Exercise instructions = Output every line of the material exactly, omitting images.

Data shown =
□ □ □ □
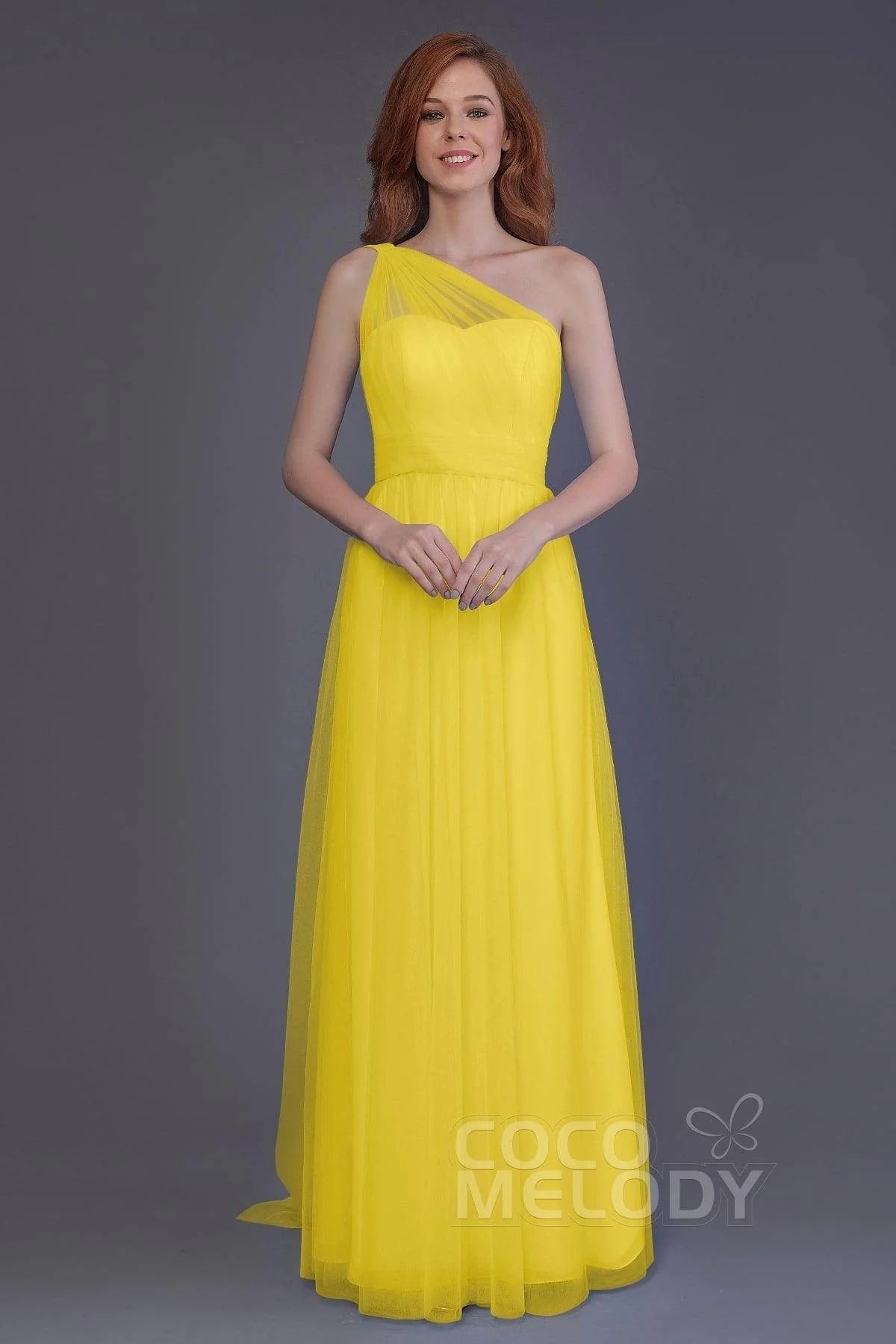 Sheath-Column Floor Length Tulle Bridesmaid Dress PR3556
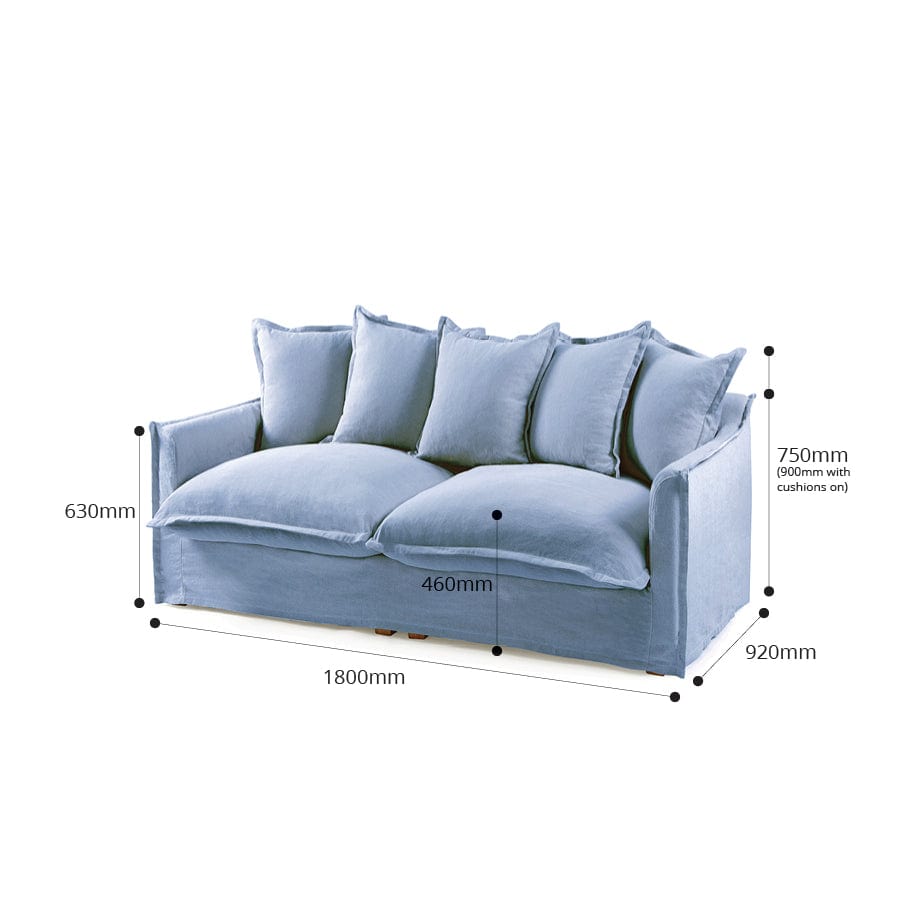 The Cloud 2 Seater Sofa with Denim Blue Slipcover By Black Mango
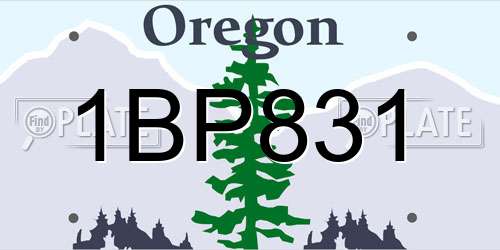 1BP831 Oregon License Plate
□ □ □ □
Response =
 Sheath-Column Floor Length Tulle Bridesmaid Dress PR3556
 The Cloud 2 Seater Sofa with Denim Blue Slipcover By Black Mango
 1BP831 Oregon License Plate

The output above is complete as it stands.